豊洲市場の土壌汚染対策で盛り土が一部実施されていなかった施工は、各々の共同企業体が綿密に協議して決めているはずです。これほど規模が大きい事業でこっそりできるわけがありませんので、東京都の担当者も承認していたと判断できます。仮に、地盤を整備している途中で設計を変更する必要が生じたならば、その段階で図面を引き直し、見積の積算を修正して都議会に諮れば問題にはならなかったと思います。おそらく、当初の見積の方が費用が高く、儲かったということでしょう。
本来は、契約に変更が加えられる事態であり、再契約しなければならなかった状況です。にもかかわらず、内輪で勝手に物事を進めてしまい、誰もがいつものこととして済ませていたのではないでしょうか。住宅建築でも、施主に確認をとらずに勝手に施工を変更する業界です。トラブルになれば施工途中で仕事を放り出し、さらには未完了の契約に対して、訴訟を起こして支払いを請求する業界です。
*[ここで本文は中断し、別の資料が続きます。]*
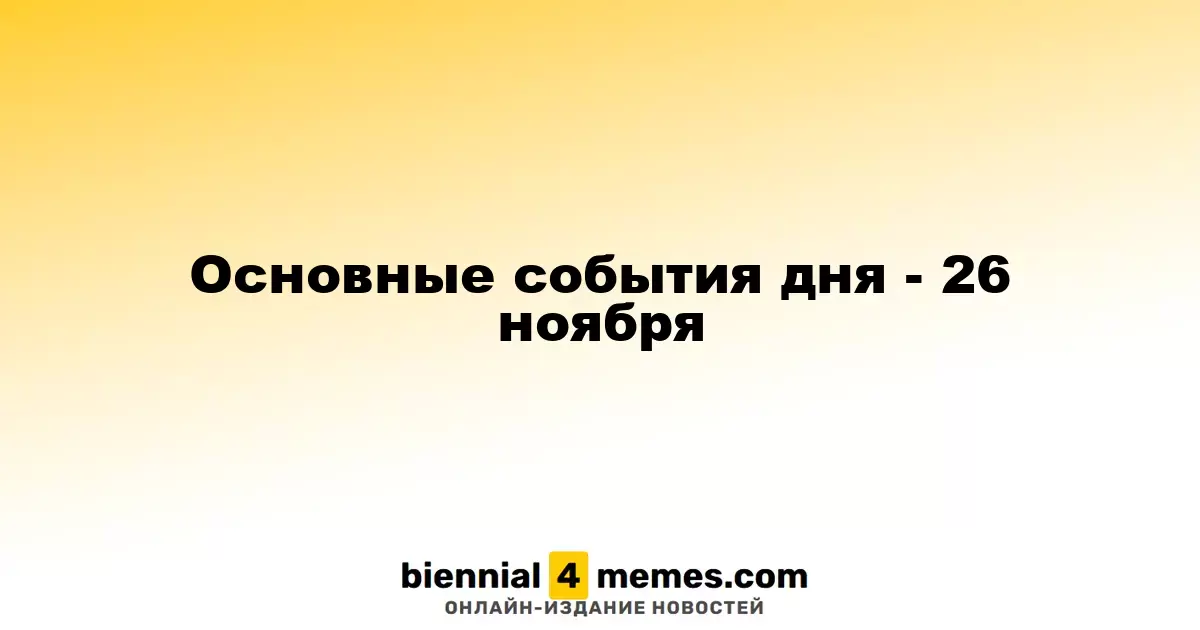 Основные события дня - 26 ноября
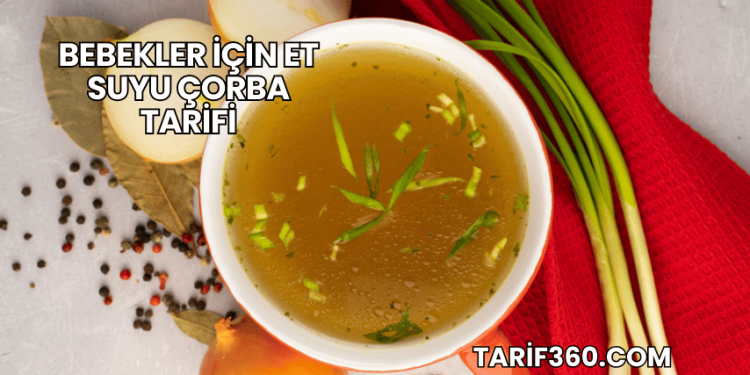 Bebekler İçin Et Suyu Çorba Tarifi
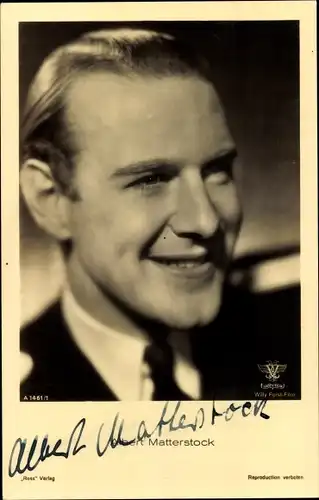 Ak Schauspieler Albert Matterstock, Portrait, Autogramm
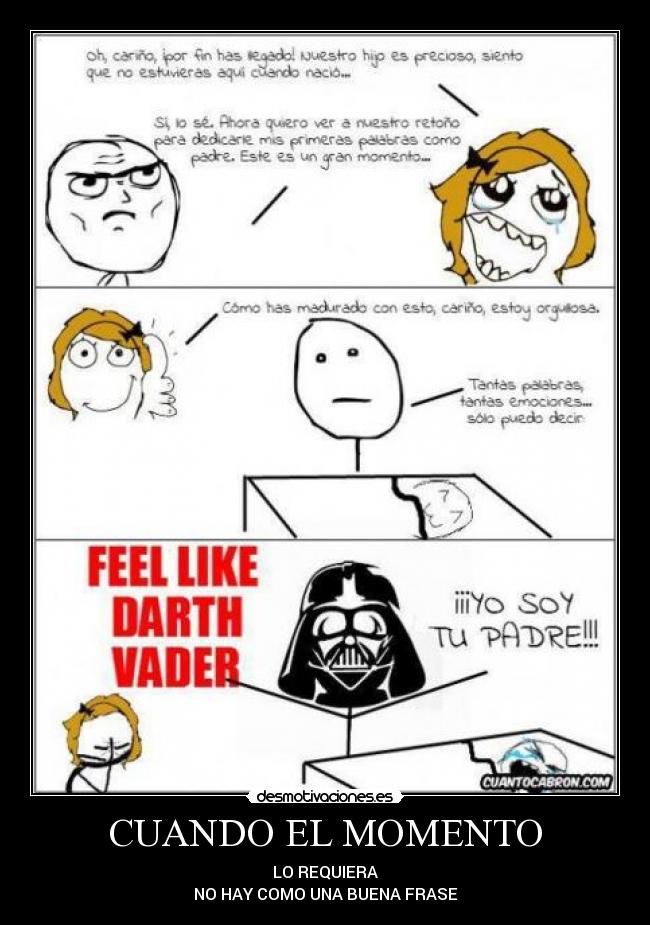 CUANDO EL MOMENTO - LO REQUIERA
NO HAY COMO UNA BUENA FRASE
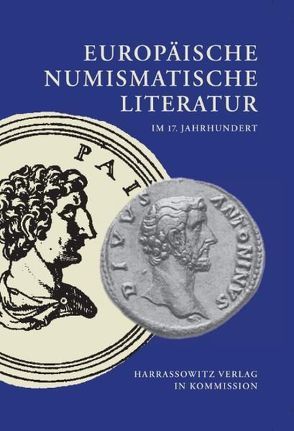 Europäische numismatische Literatur im 17. Jahrhundert von Dekesel,  Christian, Stäcker,  Thomas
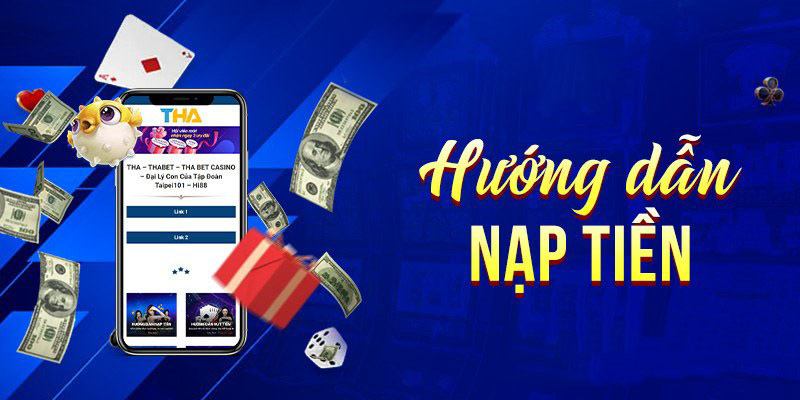 Nạp Tiền Thabet - Thao Tác Cơ Bản Cược Thủ Cần Nắm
麻痺しきっているとしか言いようがない。東京都は、各企業を詐欺罪で刑事告訴するとともに、民事訴訟の債務不履行で損害賠償を請求すべきです。小池百合子知事は安全性を問題にしているようですが、安全ならばそれでいいという状況ではないはずです。既に移転の延期を決定していますが、場合によっては再建築が必要となり、移転そのものが白紙になる可能性もないとは言えないでしょう。築地市場の関係者は東京都に損害賠償請求を行なうはずで、東京都が被る諸々の被害額は巨額に膨らみます。
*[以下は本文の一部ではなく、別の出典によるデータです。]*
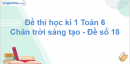 Đề thi học kì 1 Toán 6 Chân trời sáng tạo - Đề số 18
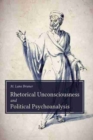 Rhetorical Unconsciousness and Political Psychoanalysis - Book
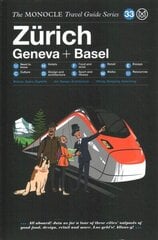 Zurich Geneva plus Basel: The Monocle Travel Guide Series cena un informācija | Ceļojumu apraksti, ceļveži | 220.lv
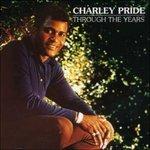 Through the Years - CD Audio di Charley Pride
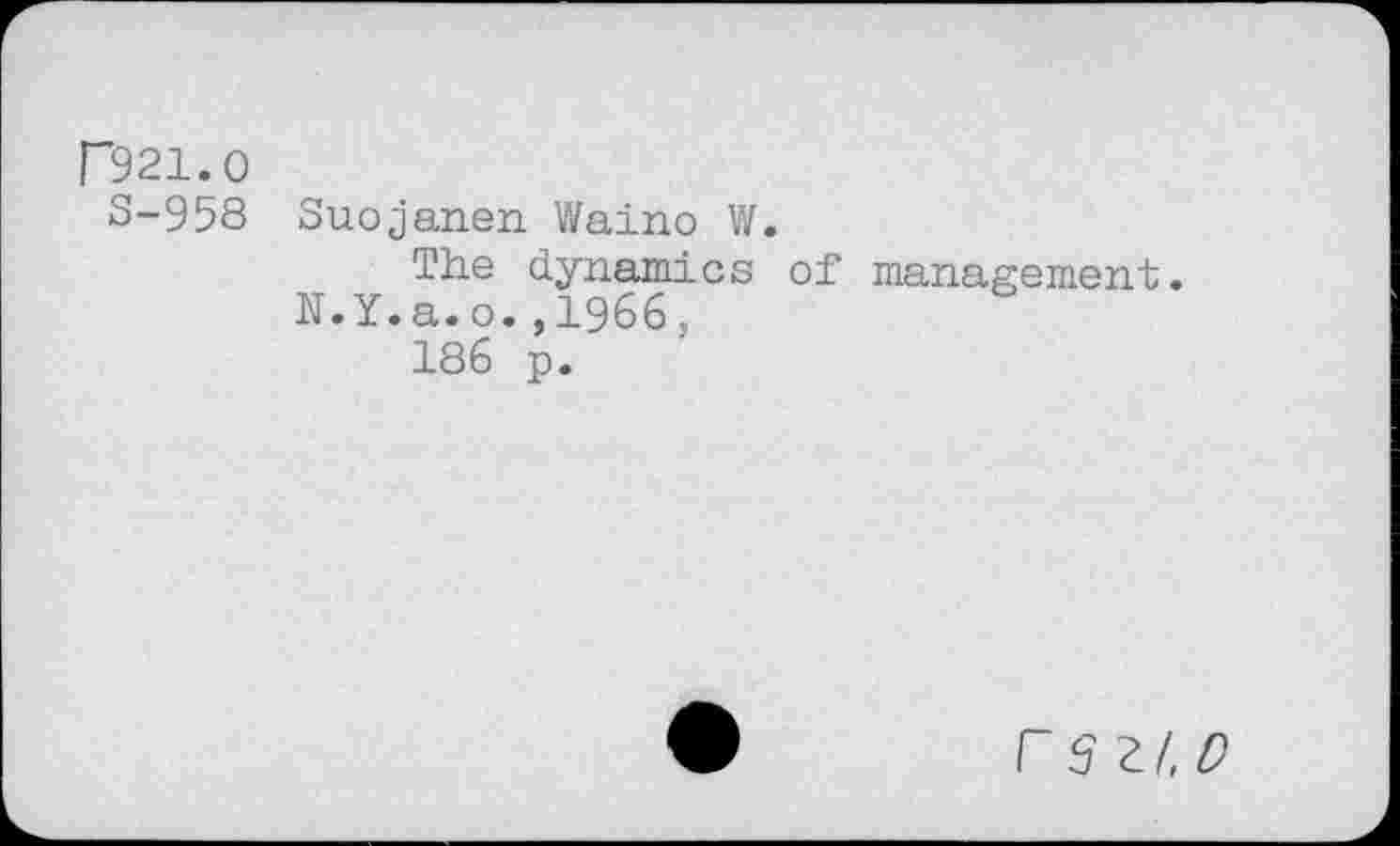 ﻿F921.O
S-958 Suojanen Waino W.
The dynamics of management. N.Y.a.o.,1966,
186 p.
r SZ/.D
共同企業体は、東京都の担当者から承認を得ているから、自分達の責任ではないと言い逃れをするに違いありません。一流とされる弁護士に依頼して、ありもしない虚偽を並べるかもしれません。それが彼らの常套手段です。しかし、局長クラスであろうとも、担当者は東京都を代表しているわけではありません。それが一般的な法律の解釈です。契約通りの施工を行なっていないならば、それは明確に債務不履行です。